I used to know an old bloke who worked in a small shed in Brisbane, specialising in making just mufflers. You could tell him you wanted a sport note, or a loud bellow that echoed off the houses when the revs got up, or a dead-quiet assembly that wouldn’t wake the neighbours as you left your lover’s flat at two o’clock in the morning. I used to watch him at work, fascinated by the way he fabricated plates and pipes to end up with the result the customer had ordered.
That old guy is long gone now, so I guess I will have to sit down with sheet steel and pipe to design and weld up my own.
But I have a special piece of paper in my file marked Contacts For Stuff, and have slowly accumulated over the years the people and firms that will still manufacture special bits to go into mostly competition cars.
There’s a bloke at Greenbank who makes intake and exhaust valves from blank forgings, in stainless or titanium, plus essential bronze valve guides, and he also ports cylinder heads.
From Special Piston Services in Melbourne I can get pistons made from their own forgings, while excellent cast-alloy pistons come from the wide range manufactured by JP Pistons in Adelaide, who have been around forever and will also make replacements – like slugs for Ferraris from a buggered sample sent down to them.
There’s a small manufacturer in Queensland that will wind special coils from flaw-free wire to come up with a set of valve springs to your specification.

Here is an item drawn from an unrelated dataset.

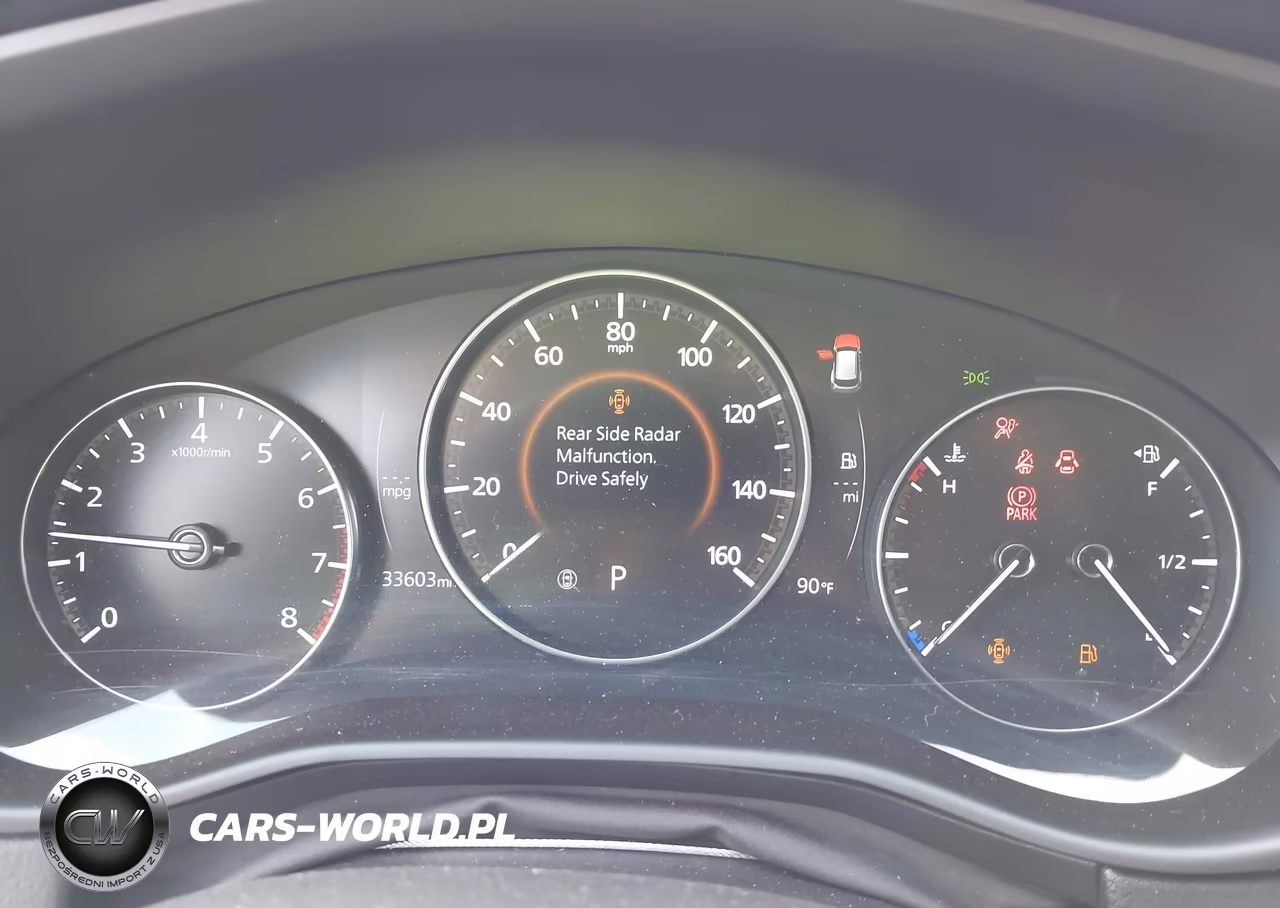 2023 Mazda Cx-50 2.5 S Preferred Plus VIN:7MMVABCM9PN151641 - 7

Argo in New South Wales also designs and machines up excellent steel connecting rods in short order, given a basic set of sizes, which will survive many years of high-stress revs in a racing engine. There was a foundry and machine shop in Victoria that would cheerfully cast you a new crankshaft in iron, and I guess they are probably still operating.
The Kiwis are also equal with the Oz can-do people in this field, which is why the techs from both our countries are in such high demand overseas. I had a case during a big international vintage rally in NZ, where we broke a valve in a 1903 Panhard-Levassor before we got to Taupo, and it didn’t run well on only one cylinder.
We got to a local machine shop late that day, and they said yes, we can turn you up two new ones out of Chev truck exhaust valves, but we might not have enough time to complete this machining. Doesn’t matter, I said, do what you can and I’ll finish them off.
By five o’clock they had these pieces to the stage where the stems could be cut to length, and a hole drilled through each to take a spring retainer pin. Got towed back to our base at Rotorua, used a hacksaw with a drill and a file to make them fit the engine, and went rallying again at seven in the morning.
There have been many brilliant engineers making stuff in this country. Cam grinder Hedley McGee also designed and made specialist bits for speedway cars, including alcohol fuel injection, while Merv Waggott in Sydney produced twin-cam alloy heads for humpy Holdens, then turned around and created a two-litre, 16-valve four for racing, which outperformed the English-built Cosworth FVA!